Outstanding work, sir.


----------



## Hunting82 (May 13, 2010)

Thanks fellas, hopefully I will be able to test it out soon


----------



## FishinDude1973 (Oct 3, 2012)

Very nice


Sent from my iPhone using Tapatalk


----------



## jm423 (Sep 18, 2011)

Hope you have good way to move it to range, certainly no featherweight. (Which it shouldn't be). Compliments, very nice job.


----------



## dwilliams35 (Oct 8, 2006)

I built a similar design a few years back on skids so I could just drag it around with whatever I want to pull it with, and one thing I have been intending to do is making a "door" on the top, which once "opened" would leave a hole to stick an AR magazine through so you can use the same shooting position as a standard configuration rifle, instead of having to build up shooting rests to gain magazine clearance.


----------



## Bocephus (May 30, 2008)

dwilliams35 said:


> I built a similar design a few years back on skids so I could just drag it around with whatever I want to pull it with, and one thing I have been intending to do is making a "door" on the top, which once "opened" would leave a hole to stick an AR magazine through so you can use the same shooting position as a standard configuration rifle, instead of having to build up shooting rests to gain magazine clearance.

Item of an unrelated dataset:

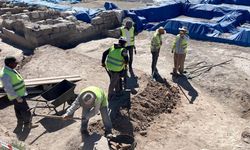 Geç Roma dönemine ait çocuk ve yetişkin mezarı bulundu!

I bought a couple of 10 round magpul mags just for the range.


----------



## dwilliams35 (Oct 8, 2006)

Bocephus said:


> I bought a couple of 10 round magpul mags just for the range.


. I have too, although some of them are pretty hard to find.. I still keep running into issues where the magazine (and pistol grip, for that matter) are forcing me to change shooting position on the bench. That trapdoor is still somewhere in the "to do" list, at this point it's probably sitting somewhere around the spring of 2019....


----------



## nckrsamford (Jan 2, 2018)

Paint the bottom baby blue. Works pretty dang good for keeping hornets from nesting!


----------